Pension News

PenCom’s Comments on the two Bills to Amend the Pension Reform Act 2014, a Special Publication by PenCom

The National Pension Commission (PenCom) participated at a public hearing organized by the House of Representatives Committee on Pensions on two Bills aimed at amending the Pension Reform Act (PRA) 2014.

The Public Hearing, which held on February 21, 2022 at Abuja, was attended by several stakeholders including pension operators, the Nigeria Police Force (NPF) and Labour, amongst others. The PenCom Management Team was led by its Director General, Mrs. Aisha Dahir- Umar.

The Committee sought and collated stakeholders’ positions on a Bill for an Act to exempt the NPF from the Contributory Pension Scheme (CPS) and a Bill for an Act to further amend the PRA 2014 to, among other things, provide for a retiree to withdraw a lump sum of at least 75 percent from the Retirement Savings Account (RSA) and to criminalize undue delay in the payment of pension and for related matters.

Declaring the Public Hearing open, the Speaker of the House of Representatives, Femi Gbajabiamila, said the expectation was that the two bills would lead to critical interventions to improve the welfare of retirees and enhance the pension industry. Represented by the Deputy Leader of the House, Peter Akpatason, the Speaker reiterated the House of Representatives’ commitment to the welfare of retirees.

It is noteworthy that the proposal to exempt the personnel of the Nigeria Police Force has been a recurring proposal which featured since the 6th National Assembly and declined on all previous occasions.

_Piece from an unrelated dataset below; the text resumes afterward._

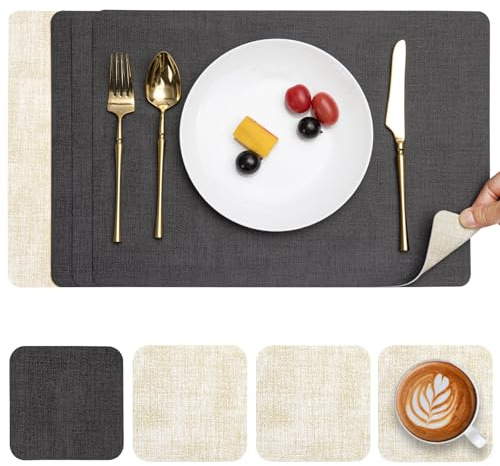 Myir JUN Tischsets abwaschbar Leder und Untersetzer doppelseitige Platzsets | Platzdeckchen abwaschbar 4er Set rutschfest Tischsets Platzsets abwaschbar Kunstleder (Grau Cremeweiß, 4er Set)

Since the main reason for the agitation appears to be low pensions at retirement, the PRA 2014 has mitigating provisions such that it allows an employer to pay additional benefits to the employees upon retirement. Therefore, the Federal Government may decide to provide any additional payment such as gratuity to retiring Police personnel.

In a submission to the Committee, PenCom noted that the Federal Government issued a White Paper on the Report of the Presidential Committee on the Restructuring and Rationalization of Federal Government Parastatals, Commissions and Agencies accepting the Committee’s recommendation that the practice whereby certain categories of retirees were opting out of the CPS should be stopped. The Federal Government also noted that it would be unable to sustain pension payment under the Defined Benefits Pension Scheme and directed no further exemptions from the CPS aside the Military and intelligence services which were already exempted from CPS by virtue of Section 5 of the PRA 2014.

PenCom also noted that exemption of the personnel of the NPF would imply additional financial burden on the Federal Government by way of unsustainable pension obligations. An actuarial valuation revealed that the retirement benefits (pension and gratuity) liability of these personnel under the defunct Defined Benefits Scheme would amount to about N1.84 trillion. This liability is expected to significantly increase with the proposed yearly recruitment of 10,000 personnel into the police force.

The exemption of NPF from the CPS would also disrupt the Federal Government’s fiscal policy and financial system stability. Instructively, about 63 percent of the over N13 Trillion pension funds are invested in Federal Government securities. Exempting the NPF would therefore, result in material divestment before maturity with attendant ripple effects on the finances of Government and the entire financial system. The foregoing are amongst several other negative implications of the proposed exemption.

PenCom however, supported the resolution of issues noted by the NPF under the ambit of the PRA 2014. It called for the implementation of the upward review of the rate of Pension Contributions for Police Personnel, which was increased by Section 4(1) of the PRA 2014 from a minimum of 15 percent to a minimum of 18 percent of the employee’s monthly emolument.

The Contribution Rate stipulated under Section 4(1) of the PRA 2014 is only a legal minimum, which can be enhanced through Collective Agreement between employer and employees. An employer may also elect to bear the full burden of contributions.

Thus, if the current contribution rate of 10 percent payable by the employer (FGN) is inadequate for the Police personnel, the Government may consider increasing the employer portion of the pension contribution to a more sustainable level.

In their presentations, the Nigeria Labor Congress (NLC) and the Pension Fund Operators Association of Nigeria (PenOp) objected to the two Bills. They argued that the Bills, if passed into law, would erode the gains of pension reforms in Nigeria and cause more challenges for retirees.

The NLC President, who was represented at the Public Hearing by the Head of International Relations, Uche Ekwe, said exemption of the personnel of the NPF would imply additional financial burden on the Federal Government by way of unsustainable pension obligations. It opined that the Federal Government may not be able to provide for the additional liability in the national budget, which is hardly sufficient to fund other commitments, including healthcare and social security.

However, the Inspector General of Police, Usman Baba Alkali, represented by Deputy Inspector General of Police, Sanusi Lemu, supported the Bill for the exemption of the NPF from the CPS.

Similarly, the Chief Executive Officer of the Pension Fund Operators Association of Nigeria (PenOp), Oguche Agudah, said the Bills would take Nigeria back to the dark ages before the pension reforms when retirees had to depend on a defined benefit system where the federal government paid monthly pensions to retirees directly from its coffers.